Imagine the scene -thousands of pounds spent, 100,000 followers on Facebook regularly generating mega-sales days and then ‘poof’ all gone.
That was the call we took from a potential client just over two years ago and is happening more and more each week. The Facebook page had been hacked, all the admins had been changed and now the business was at the mercy of the hackers.
The business has spent almost two years building the audience, had spent an incredible amount of time and money, but now was completely locked out of the Facebook page.
What was Facebook’s response? “Sorry, this is an admin issue, please go and work it out with the admin on the account.”
I wish there was a happy ending, but the only option the company was left with was to enforce a trademark violation and report a false page. This meant closing the page down and starting from scratch.
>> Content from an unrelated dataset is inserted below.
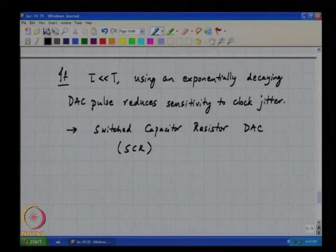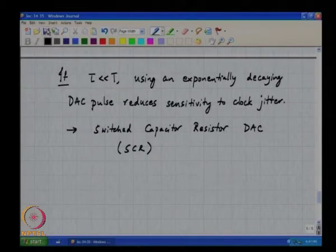That concludes the discussion on the effects of clock jitter.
To avoid the same fate, here are some steps you can take as a business to ensure you keep your social media accounts as safe as possible.
Admins versus Editors
Facebook allows you to grant access to staff and agencies on various levels. Always make people Moderators or Editors rather than Admins. Every person you allow to become an admin has an equal right to do whatever they want, including removing all the other admins.
Use a password Manager
Let’s face it the most secure password you can use is one you probably will struggle to remember. Consider using a password manager service such as 1Password which will allow you to just remember one password and make it almost impossible to guess for hackers.
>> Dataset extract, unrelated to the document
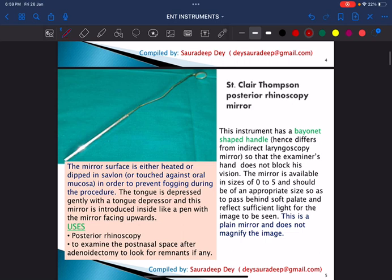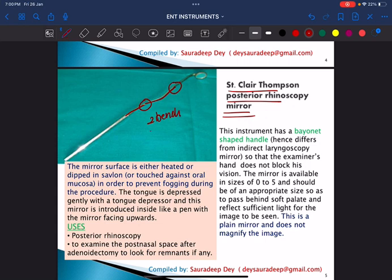Next is the Sinclair Thompson posterior rhinoscopy mirror. For anterior rhinoscopy we use the Thudicum nasal speculum; for posterior rhinoscopy we use the Sinclair Thompson posterior rhinoscopy mirror. It has a bionic-shaped handle with two bends — a first bend and a second bend. This is how you differentiate this posterior rhinoscopy mirror from the indirect laryngoscopy mirror.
Hootsuite is a social media management tool that allows you to have staff or agencies manage social media without ever receiving the passwords to Facebook, Twitter or Google+. It also has some very good monitoring and scheduling tools so a win-win all round.
Use a two-step verification system
Twitter has the ability to switch on a two-step verification process. This means you have to enter a password and then a separate code sent you your mobile before you can access the platform. This is great when you are the only person responsible for you social media postings.
Setup a passcode
Such a simple thing to do, but lots of people don’t have a passcode on their phone which means that if someone finds your phone they can have access to all your social media apps and can change contact email addresses and recovery information. It only takes a minute but provides an extra layer of security.
Keep your recovery information up to date
Does Facebook and Twitter have your up to date information? Take a few minutes to ensure the mobile phone number or office number haven’t changed. This will make things a lot simpler, should you need to have them send you reset information.